Updated: 2006-11-21 15:58

NEW DELHI - Chinese President Hu Jintao said in New Delhi on Tuesday that he hoped to strengthen the centuries-old amity between China and India and build a trusting relationship between the world's two most populous countries.

Hu, who arrived in New Delhi late on Monday for a four-day visit -- the first by a Chinese president in a decade and the second ever -- was given a ceremonial, military welcome at the British-built president's palace ahead of talks with Indian Prime Minister Manmohan Singh.

Both Asian giants are keen to develop their relationship, which is now marked by burgeoning two-way trade. But ties have been dogged by mistrust since a brutal border war of 1962, and they are still overshadowed by disputes over their frontier.

"China and India are friendly countries and the exchanges of friendship between our two peoples date back centuries," Hu told reporters after the welcoming ceremony.

"So the purposes of my visit to India is to strengthen our friendship, increase our mutual trust, expand our cooperation and chart a course for the future," he said, speaking through a translator.
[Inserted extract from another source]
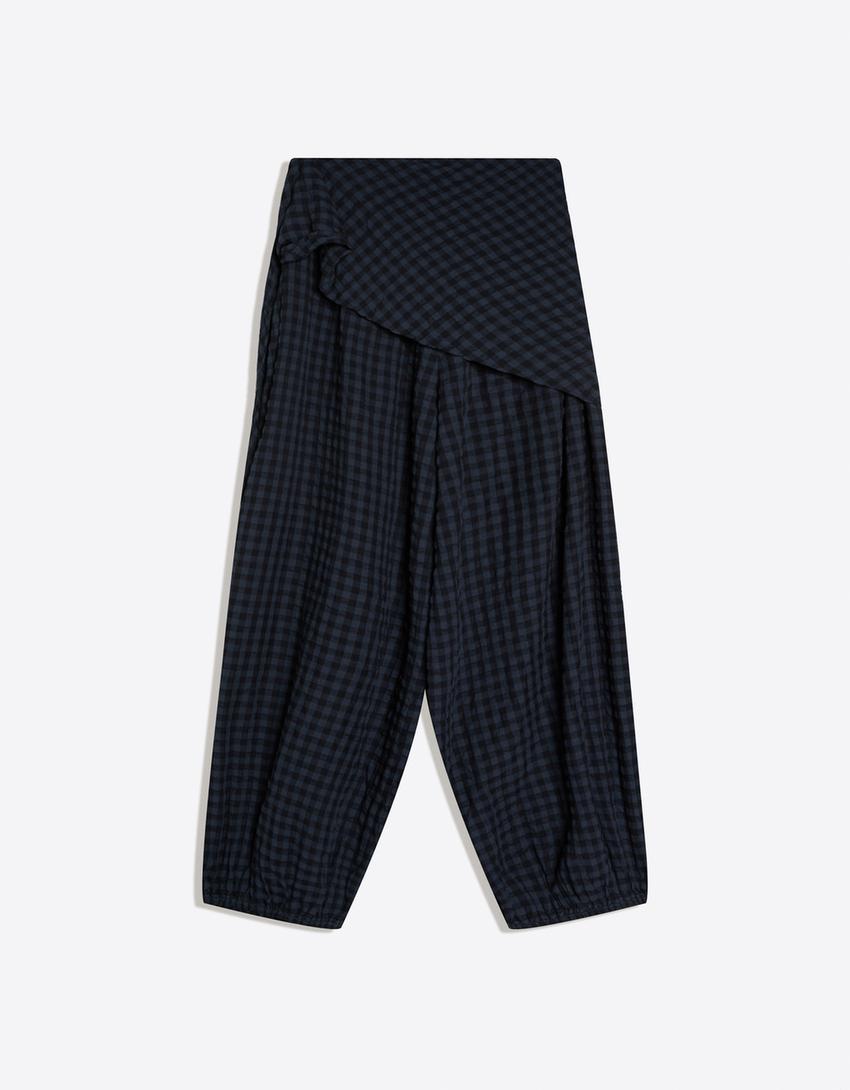 Pantalon bouffant avec foulard-Marine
Hu said he was looking forward to "deep-going" discussions with Indian leaders on issues of shared interests and working with them to further develop a strategic partnership.

"We have differences, but we want to build a cooperative relationship that is as wide and as deep as possible so that these differences lose their salience," a senior Indian foreign ministry official said.

India and China will work to cement their increasingly closer ties and boost bilateral trade between the world's two fastest-growing economies to US$40 billion (euro31 billion) by 2010, India's Prime Minister said after a meeting with Chinese President Hu Jintao.

Bilateral trade has climbed from just $260 million in 1990 to a projected $20 billion in 2006/07, and is expected to continue growing. But there are still concerns on both sides.

India fears that opening its doors even wider to low-cost Chinese manufacturers would undermine its own industries, and wants Beijing to be more transparent about hidden subsidies.

New Delhi is also reluctant to throw open its telecoms and infrastructure to Chinese investment for reasons of "national security." Beijing will be appealing for a little more trust and openness, including easier visa rules for its businessmen.